These adorable Easter Dirt Cake Cups are the perfect spring time treat. A festive bunny Peep tops layers of pudding, whipped cream, and crushed Oreos that no one will be able to resist!

For more Easter dessert recipes, be sure to check out my Easy Coconut Cake, Strawberry Lemon Cupcakes, and Lemon Cheesecakes Bars.

easter dirt cake cups next to spoons

If you’re looking for a fun and easy treat to celebrate Easter, you’re in luck. These Easter Dirt Cake Cups only require a few simple ingredients and come together quickly and easily.

They are a great recipe for kids to help with, too. My kids especially love adding (and eating) the toppings!

a pink bunny marshmallow on top of a cup of pudding

These can also be made up to a day ahead of time and stored in the fridge until you’re ready to enjoy them. They’re so cute and delicious, they won’t last long!

Ingredients for Easter Dirt Cake Cups (SEE MEASUREMENTS IN RECIPE CARD BELOW!)

  • vanilla or white chocolate pudding mix
  • milk
  • frozen whipped topping
  • green food dye
  • original Oreos 
  • green sprinkles
  • mini chocolate candy eggs
  • Peep marshmallows of your choice (bunnies, chicks, etc.)

ingredients in bowls on a marble counter

How to Make Easter Dirt Cake Cups – Step by Step

Step 1: Make the pudding

In a large bowl, add the pudding mix and 2 cups of milk. Beat with a whisk for 2-3 minutes and then let it stand for 5 minutes. 

Step 2: Add whipped topping

Fold in the whipped topping and slowly add the green food dye until your desired color has been achieved.

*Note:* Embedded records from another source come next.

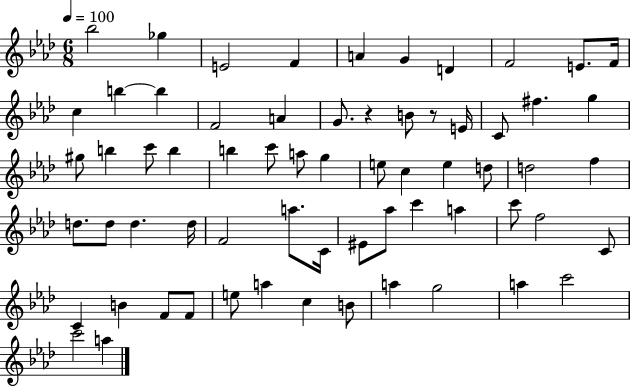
{
  \clef treble
  \numericTimeSignature
  \time 6/8
  \key aes \major
  \tempo 4 = 100
  bes''2 ges''4 | e'2 f'4 | a'4 g'4 d'4 | f'2 e'8. f'16 | \break c''4 b''4~~ b''4 | f'2 a'4 | g'8. r4 b'8 r8 e'16 | c'8 fis''4. g''4 | \break gis''8 b''4 c'''8 b''4 | b''4 c'''8 a''8 g''4 | e''8 c''4 e''4 d''8 | d''2 f''4 | \break d''8. d''8 d''4. d''16 | f'2 a''8. c'16 | eis'8 aes''8 c'''4 a''4 | c'''8 f''2 c'8 | \break c'4 b'4 f'8 f'8 | e''8 a''4 c''4 b'8 | a''4 g''2 | a''4 c'''2 | \break c'''2 a''4 | \bar "|."
}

step by step directions for how to make layered dirt cake

Step 3: Crush the Oreos

Add the Oreo cookies to a food processor or blender. Blend the cookies until they are reduced to a dirt-like consistency. 

Step 4: Make the layers

In your dessert cups, add a small layer of the Oreo cookie dirt (about 2-3 tablespoons, depending on the size of the cups). Next, add a layer of the pudding. Follow that with the Oreo cookie dirt again. Continue to layer until the cups are almost full. The last layer should be the Oreo cookie dirt.

Step 5: Add toppings and serve

On the top of the “dirt,” add the green sprinkles, the chocolate eggs, and Peep marshmallows. Serve your Easter Dirt Cake Cups immediately or refrigerate until it is time to serve.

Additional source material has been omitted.